• [Data for this exercise]:

= = =

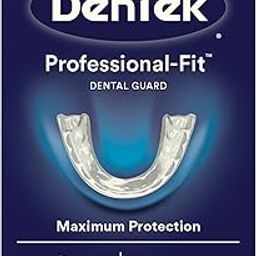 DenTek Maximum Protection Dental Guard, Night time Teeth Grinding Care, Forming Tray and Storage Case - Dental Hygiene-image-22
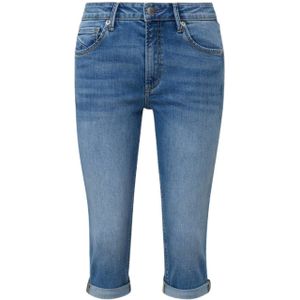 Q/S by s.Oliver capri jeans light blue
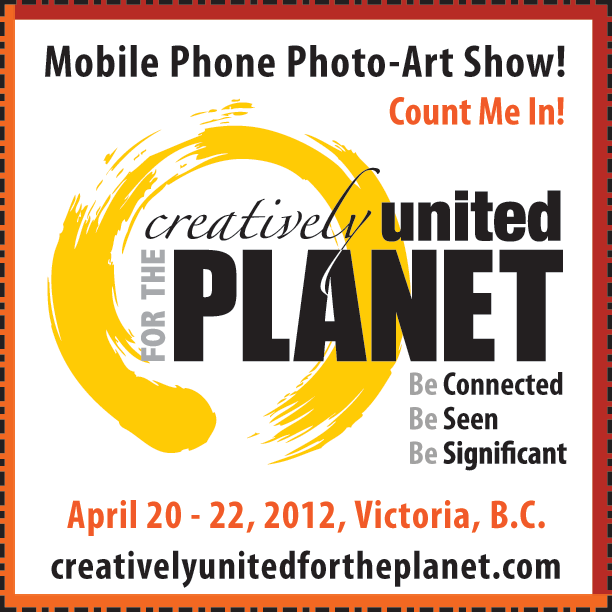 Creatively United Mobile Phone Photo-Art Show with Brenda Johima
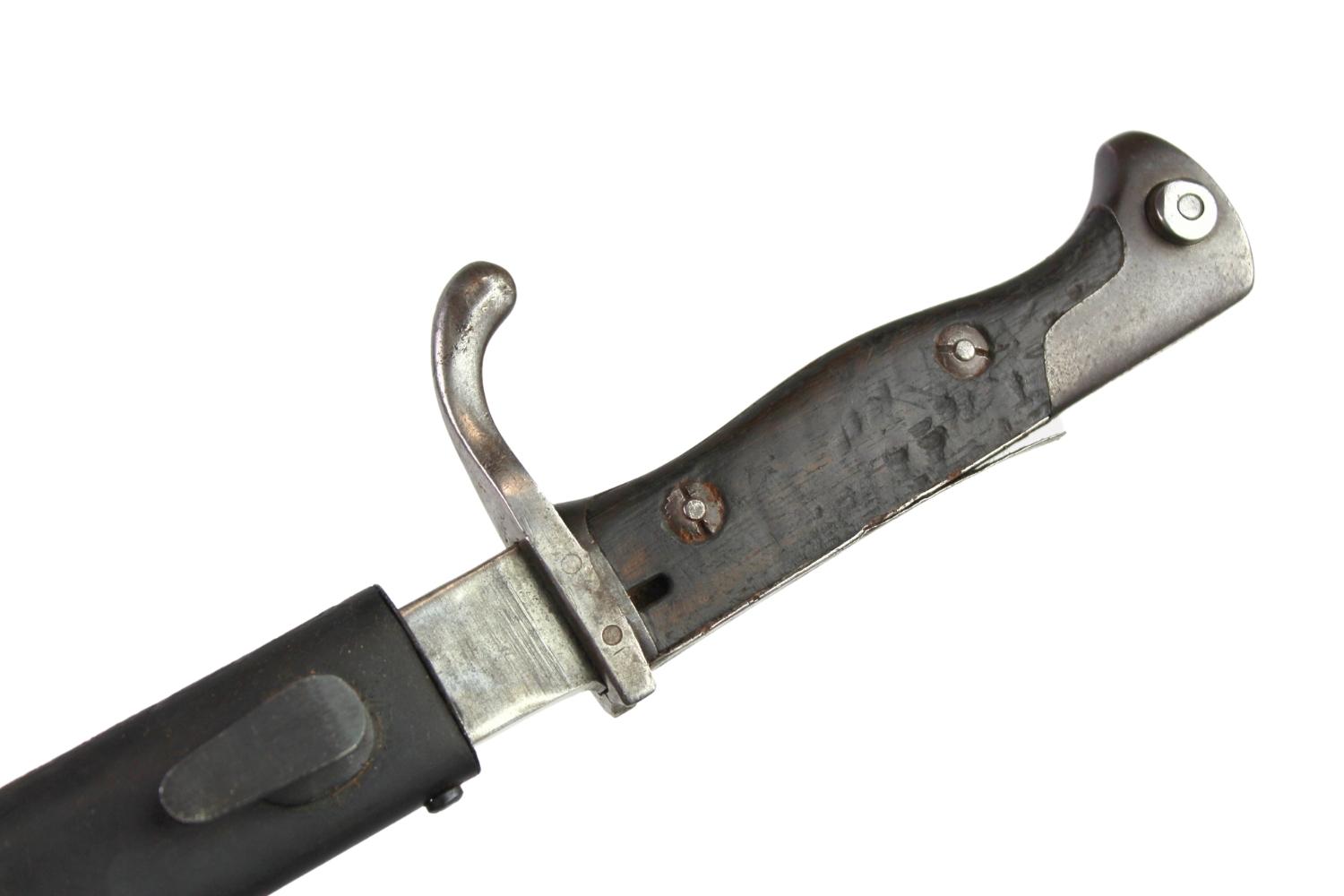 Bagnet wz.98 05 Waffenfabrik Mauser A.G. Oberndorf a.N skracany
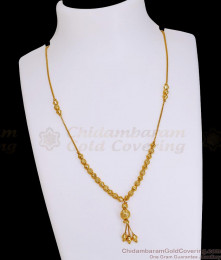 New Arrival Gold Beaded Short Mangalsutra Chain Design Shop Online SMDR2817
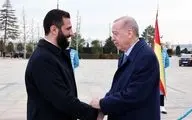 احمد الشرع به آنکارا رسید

= = =

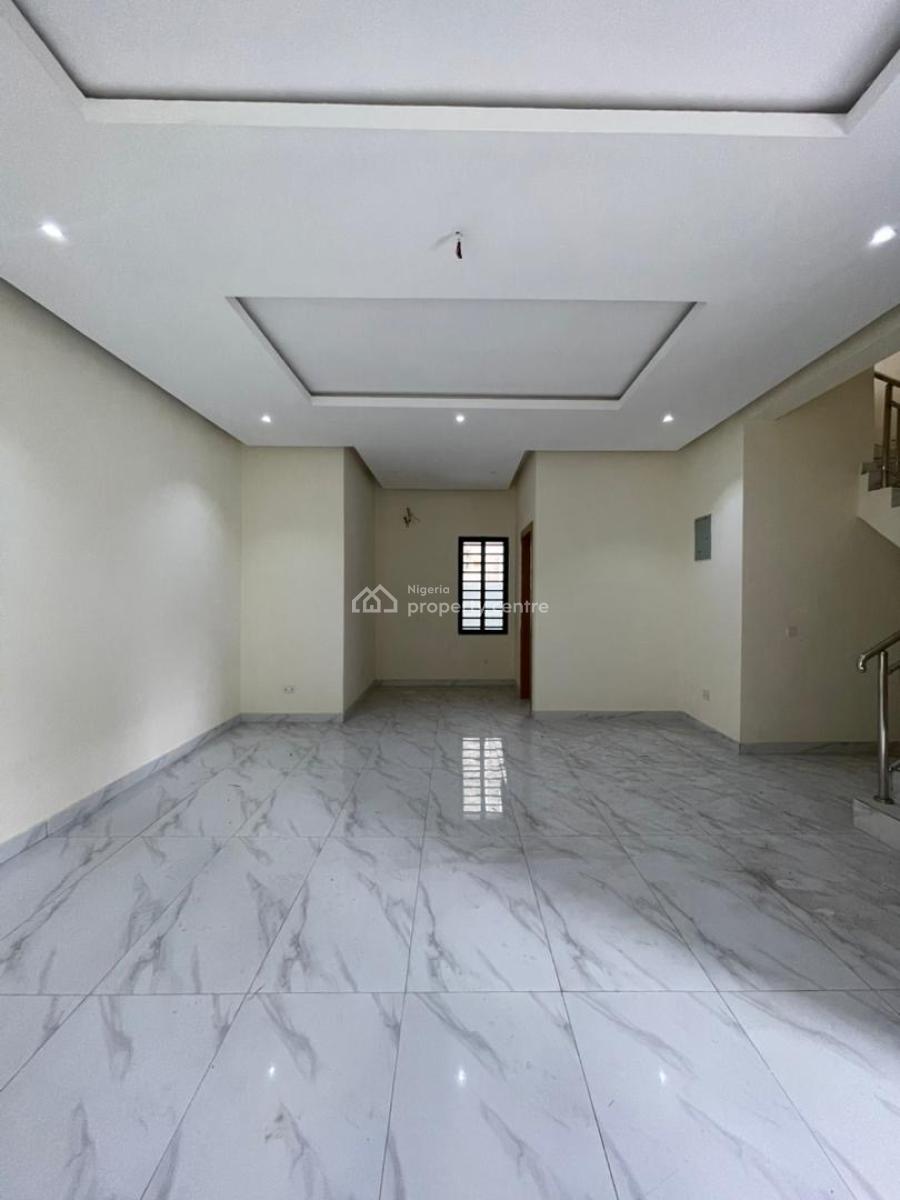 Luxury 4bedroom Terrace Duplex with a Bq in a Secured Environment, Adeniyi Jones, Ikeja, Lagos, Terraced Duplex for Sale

= = =

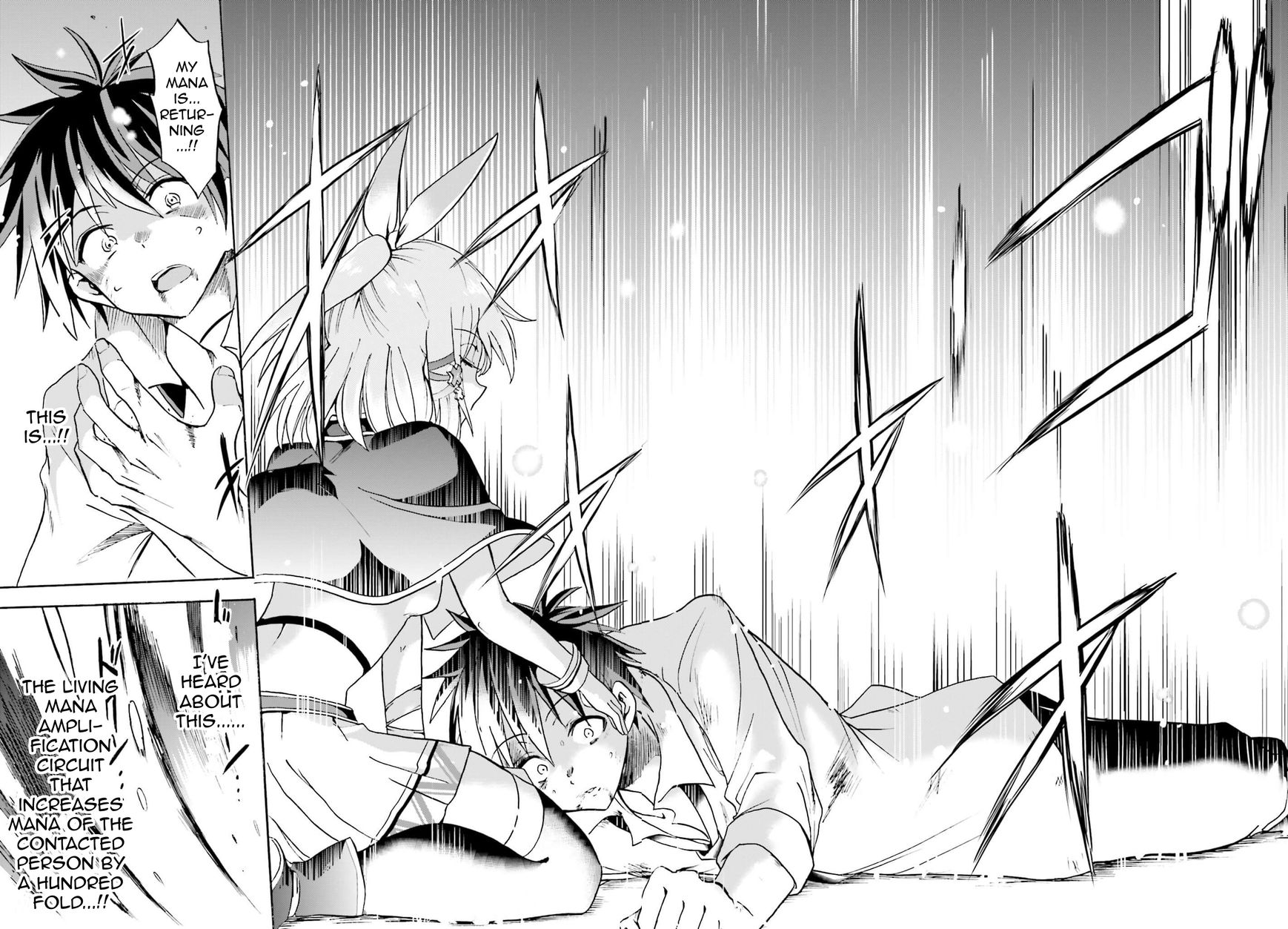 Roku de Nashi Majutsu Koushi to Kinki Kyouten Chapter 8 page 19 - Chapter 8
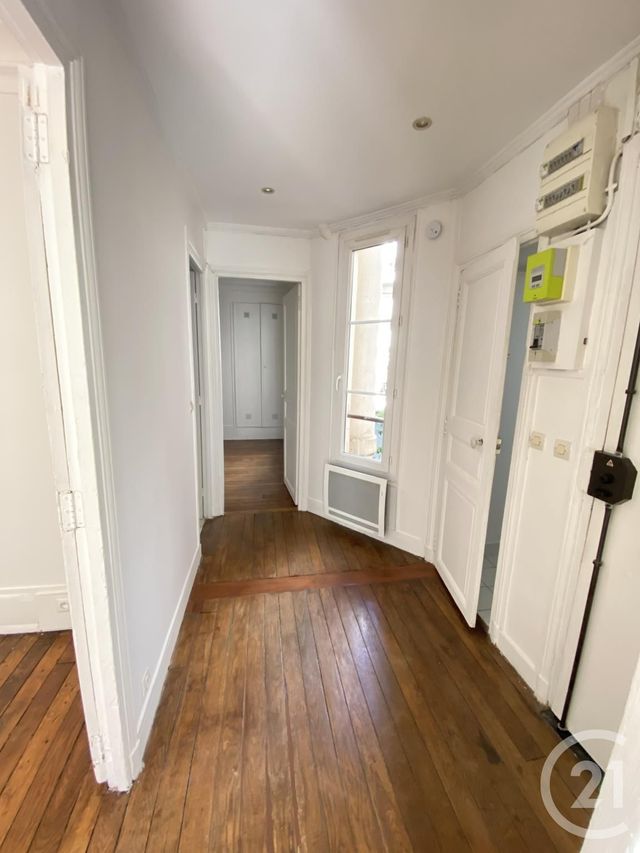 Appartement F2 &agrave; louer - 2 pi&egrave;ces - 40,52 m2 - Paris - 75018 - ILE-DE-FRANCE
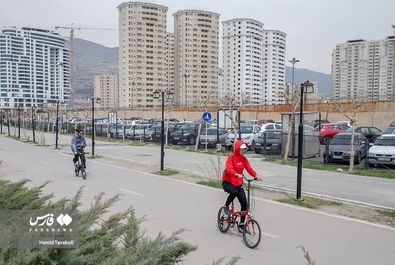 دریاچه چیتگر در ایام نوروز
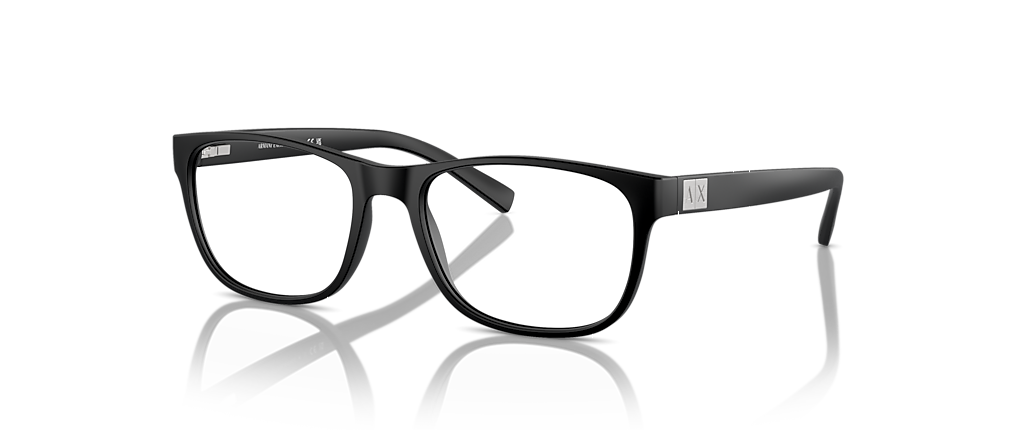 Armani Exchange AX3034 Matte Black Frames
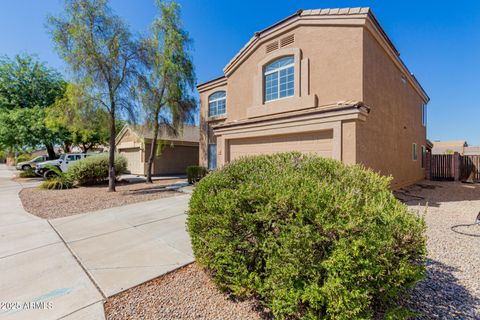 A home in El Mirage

= = =

• [Description of the task]: Would you please repeat only the lines above, beginning at the one that has "DenTek Maximum Protection" and stopping after the one that has "احمد الشرع به آنکارا رسید", exactly and with no pictures?

• [Answer section]:
 DenTek Maximum Protection Dental Guard, Night time Teeth Grinding Care, Forming Tray and Storage Case - Dental Hygiene-image-22
 Q/S by s.Oliver capri jeans light blue
 Creatively United Mobile Phone Photo-Art Show with Brenda Johima
 Bagnet wz.98 05 Waffenfabrik Mauser A.G. Oberndorf a.N skracany
 New Arrival Gold Beaded Short Mangalsutra Chain Design Shop Online SMDR2817
 احمد الشرع به آنکارا رسید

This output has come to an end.